An integrative functional genomics approach for discovering biomarkers in schizophrenia

Abstract

Schizophrenia (SZ) is a complex disorder resulting from both genetic and environmental causes with a lifetime prevalence world-wide of 1%; however, there are no specific, sensitive and validated biomarkers for SZ. A general unifying hypothesis has been put forward that disease-associated single nucleotide polymorphisms (SNPs) from genome-wide association study (GWAS) are more likely to be associated with gene expression quantitative trait loci (eQTL). We will describe this hypothesis and review primary methodology with refinements for testing this paradigmatic approach in SZ. We will describe biomarker studies of SZ and testing enrichment of SNPs that are associated both with eQTLs and existing GWAS of SZ. SZ-associated SNPs that overlap with eQTLs can be placed into gene-gene expression, protein-protein and protein-DNA interaction networks. Further, those networks can be tested by reducing/silencing the gene expression levels of critical nodes. We present pilot data to support these methods of investigation such as the use of eQTLs to annotate GWASs of SZ, which could be applied to the field of biomarker discovery. Those networks that have association with SNP markers, especially cis-regulated expression, might lead to a more clear understanding of important candidate genes that predispose to disease and alter expression. This method has general application to many complex disorders.

Figure 1:

There were four exons from different genes (BAT2L, DEK, GSR and DBC1) that significantly discriminated first-episode individuals with SZ (blue) and controls (red). The individual exons with bootstrap P-values <10⁻⁸ were plotted in multidimensional scaling, complete separation of SZ and C was observed, except for one subject with SZ which could not be classified.

Figure 2:

Schematic of the SNP-eQTL concept, where SNPs associated to expression eQTLs (exon array, gene expression array or RNA-Seq) up to 2 Mb away can form a SNP-eQTL.

Figure 3:

Diagram of AGA exon array expression showing that our initial finding of decreased AGA expression in LCL [64] was replicated in 30 SZ and 8 healthy controls.

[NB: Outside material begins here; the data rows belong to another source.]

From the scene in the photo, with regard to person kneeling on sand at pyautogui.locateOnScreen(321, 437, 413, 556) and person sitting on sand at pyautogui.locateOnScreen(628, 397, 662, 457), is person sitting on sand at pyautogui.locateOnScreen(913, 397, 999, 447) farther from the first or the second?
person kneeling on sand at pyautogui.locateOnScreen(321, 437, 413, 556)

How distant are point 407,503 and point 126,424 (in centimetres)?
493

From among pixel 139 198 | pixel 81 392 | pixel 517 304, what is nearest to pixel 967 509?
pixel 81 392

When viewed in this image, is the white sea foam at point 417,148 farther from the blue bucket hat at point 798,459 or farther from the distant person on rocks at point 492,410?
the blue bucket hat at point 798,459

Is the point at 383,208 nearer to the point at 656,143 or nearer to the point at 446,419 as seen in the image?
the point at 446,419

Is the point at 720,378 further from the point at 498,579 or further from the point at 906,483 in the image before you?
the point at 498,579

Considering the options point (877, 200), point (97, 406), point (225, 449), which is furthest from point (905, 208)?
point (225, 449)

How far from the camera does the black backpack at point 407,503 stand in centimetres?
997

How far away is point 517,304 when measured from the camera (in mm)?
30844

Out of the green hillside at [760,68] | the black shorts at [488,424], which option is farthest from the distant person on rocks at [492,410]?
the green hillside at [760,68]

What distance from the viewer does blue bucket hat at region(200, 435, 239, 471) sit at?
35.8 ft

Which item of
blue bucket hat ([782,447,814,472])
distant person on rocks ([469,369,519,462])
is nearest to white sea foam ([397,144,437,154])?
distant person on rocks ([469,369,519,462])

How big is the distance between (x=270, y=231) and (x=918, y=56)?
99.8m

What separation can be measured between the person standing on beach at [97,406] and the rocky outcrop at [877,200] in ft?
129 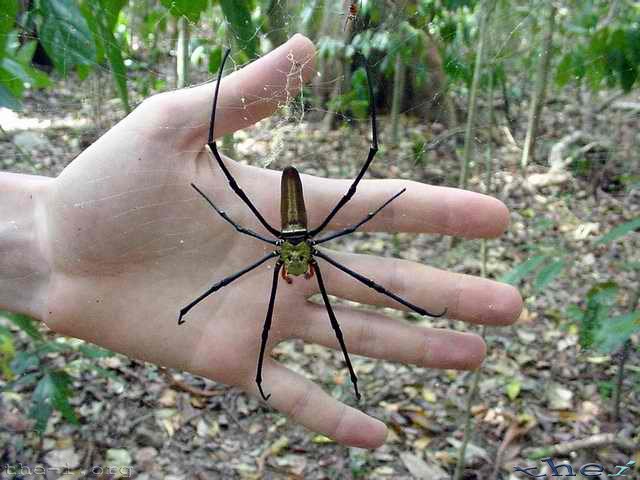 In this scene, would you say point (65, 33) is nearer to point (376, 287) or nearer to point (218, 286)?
point (218, 286)

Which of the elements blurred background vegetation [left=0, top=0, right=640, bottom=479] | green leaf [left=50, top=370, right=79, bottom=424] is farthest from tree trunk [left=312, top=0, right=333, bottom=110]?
green leaf [left=50, top=370, right=79, bottom=424]

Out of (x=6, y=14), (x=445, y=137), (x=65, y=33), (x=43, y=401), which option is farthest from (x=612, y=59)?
(x=43, y=401)

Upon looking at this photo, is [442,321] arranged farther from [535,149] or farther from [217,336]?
[217,336]

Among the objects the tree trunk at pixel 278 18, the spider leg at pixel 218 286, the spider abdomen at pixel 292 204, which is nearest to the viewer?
the spider abdomen at pixel 292 204

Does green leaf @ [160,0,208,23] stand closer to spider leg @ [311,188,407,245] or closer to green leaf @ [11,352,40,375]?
spider leg @ [311,188,407,245]

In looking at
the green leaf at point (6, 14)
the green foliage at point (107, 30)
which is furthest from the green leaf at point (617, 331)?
the green leaf at point (6, 14)

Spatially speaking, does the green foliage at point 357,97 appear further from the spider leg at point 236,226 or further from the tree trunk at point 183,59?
the spider leg at point 236,226

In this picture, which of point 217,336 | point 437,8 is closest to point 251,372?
point 217,336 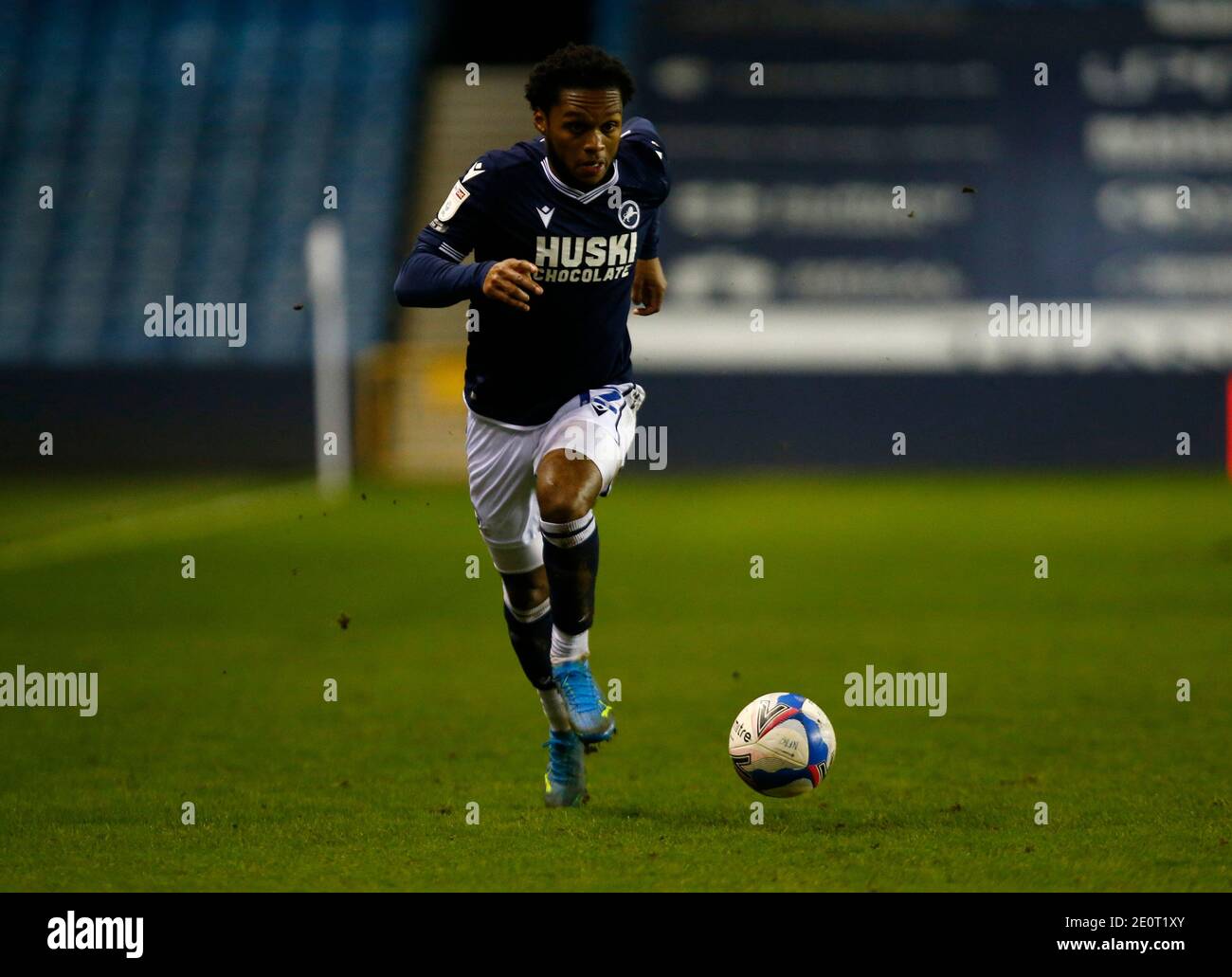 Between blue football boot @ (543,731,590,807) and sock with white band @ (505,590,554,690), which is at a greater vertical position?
sock with white band @ (505,590,554,690)

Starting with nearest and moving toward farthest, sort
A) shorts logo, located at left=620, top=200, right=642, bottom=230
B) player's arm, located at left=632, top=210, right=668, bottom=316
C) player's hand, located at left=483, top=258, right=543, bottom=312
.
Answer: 1. player's hand, located at left=483, top=258, right=543, bottom=312
2. shorts logo, located at left=620, top=200, right=642, bottom=230
3. player's arm, located at left=632, top=210, right=668, bottom=316

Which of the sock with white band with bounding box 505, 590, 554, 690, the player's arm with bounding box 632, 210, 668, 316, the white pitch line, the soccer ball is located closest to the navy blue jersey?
the player's arm with bounding box 632, 210, 668, 316

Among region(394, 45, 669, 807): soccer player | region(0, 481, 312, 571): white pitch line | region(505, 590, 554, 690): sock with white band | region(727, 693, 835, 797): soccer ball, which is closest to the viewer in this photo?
region(727, 693, 835, 797): soccer ball

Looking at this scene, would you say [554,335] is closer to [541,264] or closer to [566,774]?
[541,264]

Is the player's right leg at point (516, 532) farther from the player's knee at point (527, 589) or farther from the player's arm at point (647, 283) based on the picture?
the player's arm at point (647, 283)

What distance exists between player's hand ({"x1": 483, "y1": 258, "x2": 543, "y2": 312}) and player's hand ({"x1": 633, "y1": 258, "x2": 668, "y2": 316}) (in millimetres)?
1153

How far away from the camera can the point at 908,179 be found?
25656mm

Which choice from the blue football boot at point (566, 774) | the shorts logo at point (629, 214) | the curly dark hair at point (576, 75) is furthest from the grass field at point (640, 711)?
the curly dark hair at point (576, 75)

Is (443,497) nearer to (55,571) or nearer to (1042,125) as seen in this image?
(55,571)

We reported a cis-SNP association to the expression of the AGA transcript in LCL [64], that was independently replicated [65]. Y-axis is log2 scale of probe sets expression, control mean expression (red), SZ mean expression (blue) values at each AGA probe set.

Figure 4:

Graphical display of expression analysis of IRF5 demonstrating the significant relationship between the rs10954213 genotype and IRF5 probe set 3023264 expression in 60 subjects in the DLPFC (P = 8.1 × 10⁻⁵), and anterior cingulate cortex (P = 0.005). Y-axis is ΔΔCt, inverse to fold change; x-axis is two brain regions by genotype of IRF5 SNP rs10954213 [25].

Figure 5:

We identified a highly connected network of 18 dysregulated genes (shown in color, red: upregulated; green: downregulated) between SZ and controls, with direct connections (unbroken line) [34]. The central node is the transcription factor HFN4A (NR2A1) [71], with 5 of the 18 genes in the network passing Bonferroni correction for differential expression.